Reliably Measuring Functionality

Tracking our progress by what functions work is a great tool. Having a suite of automated tests that verify the functionality makes it easy to check that progress, and make sure we’re not slipping backward. Beware, though, of using optimistic measurements that don’t cover all the spaces where problems might hide.

Where does it work? Is this on a developer’s machine in a local sandbox? There might be some undoneness lurking that you’ll discover when the code is integrated with that of other developers. That’s the advantage of continuous integration–you discover such issues early and often in small bits. Does it work when installed to a fresh, new environment?
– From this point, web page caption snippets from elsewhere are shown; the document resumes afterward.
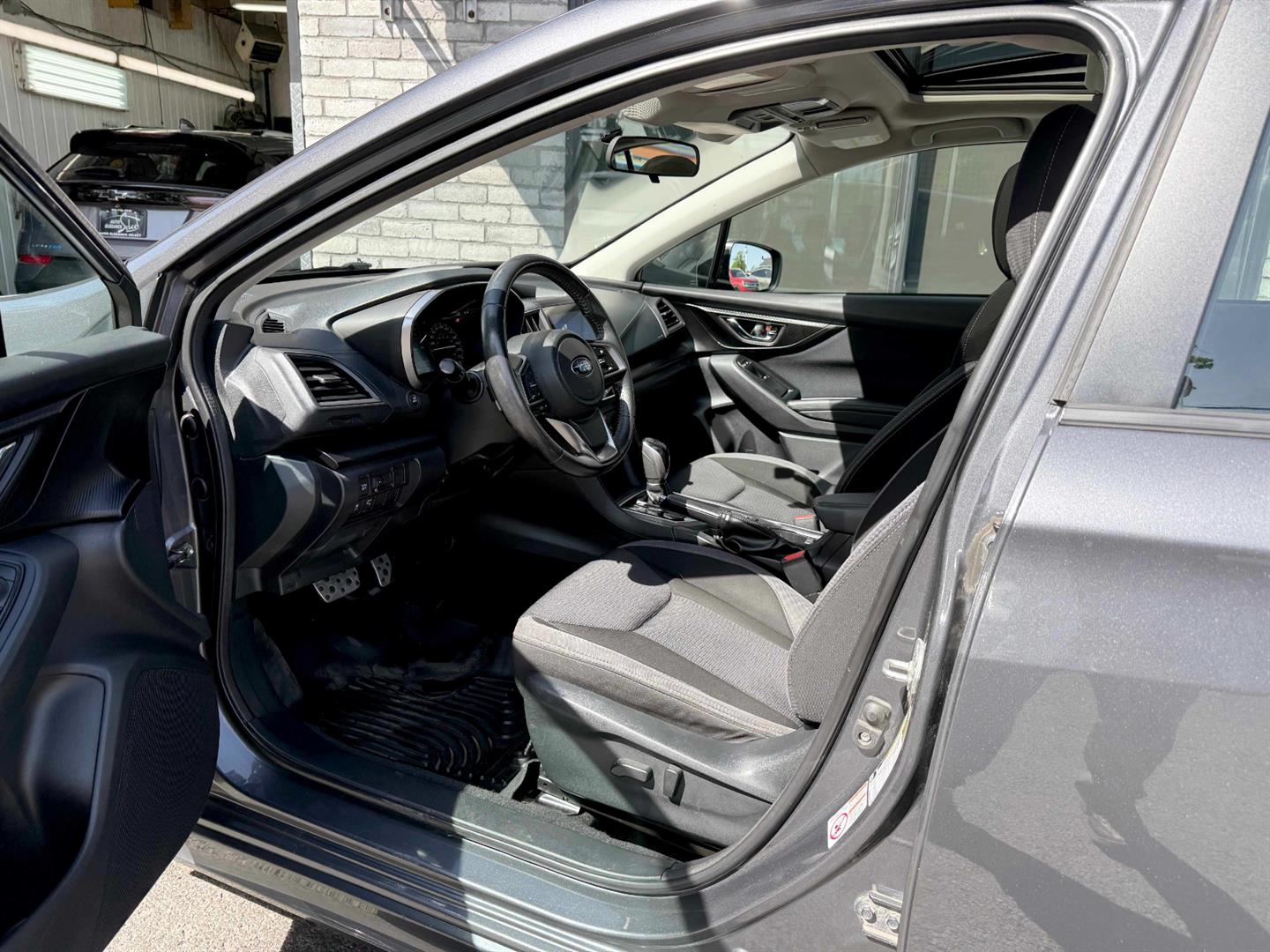 subaru Impreza 2019 - 2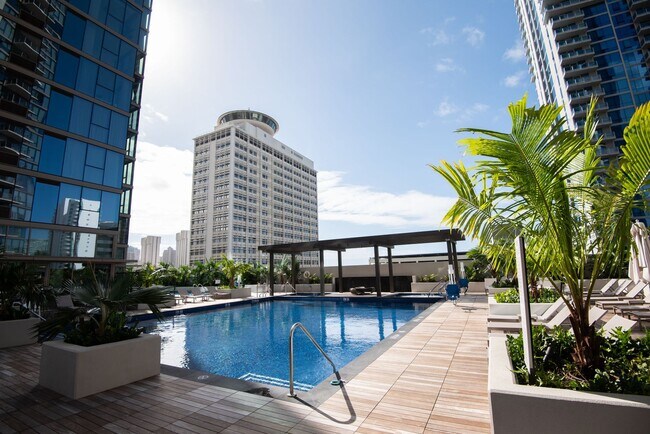 Building Photo - SKY ALA MOANA ONE BEDROOM AVAILABLE NOW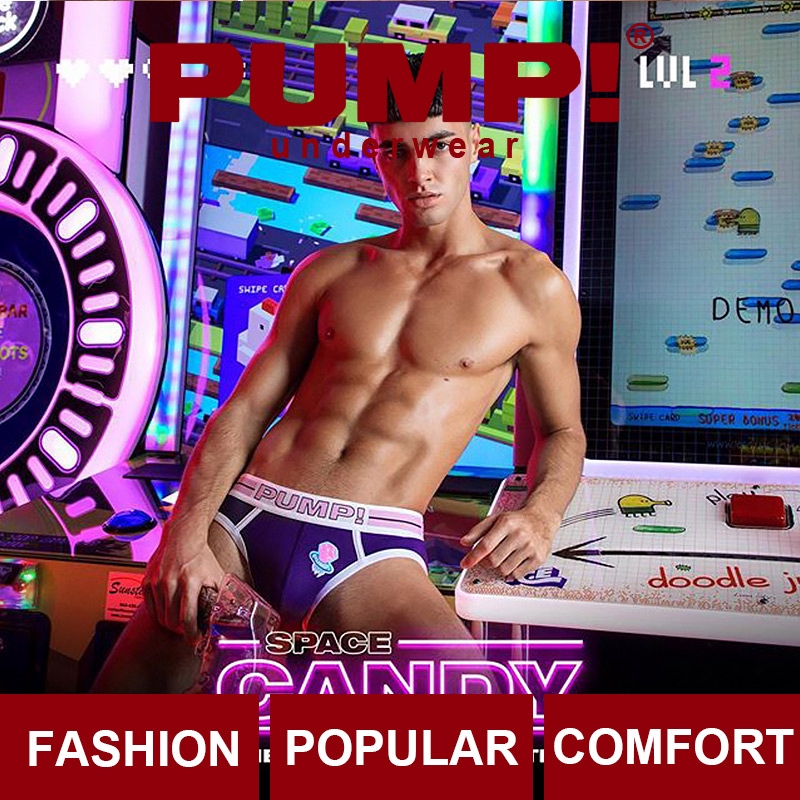 PUMP For Men Sexy Thong Men's Underwear PU008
This discovers dependencies on elements that are not version-controlled. Does it work in an environment that mimics production? How well does this environment mimic production? The idea is to eliminate ways in which things could seem more finished than they are.

Is the functionality ready to deliver to production? How well can you know if it’s ready? Unforeseen bugs represent hidden undoneness. What would be required to give you confidence to deliver the requested functionality to production? Actual use shines a light on a lot more places where undoneness can hide. If people are using it, it must be usable to some degree, and it must be meeting at least some of their needs. Production use will also generate more varied conditions of use, and that may uncover hidden bugs that testing didn’t.

When you deliver the working system, you’ve given the users of that system capabilities they didn’t have before. The outcomes are those derived from actual use of the capabilities you delivered. What do the users do that they couldn’t do before? In what ways have the things they could already do changed? These are the outcomes that matter from the perspective of the whole organization, or the organization and its surrounding context. Are people actually achieving the benefits that were intended when you decided to create this? Are they delighted by it?

Not all organizations are capable of frequent delivery, yet. For that matter, not all organizations want frequent delivery of changes into production. There is also value in stability. But delivering frequently, however, is a powerful way to track progress.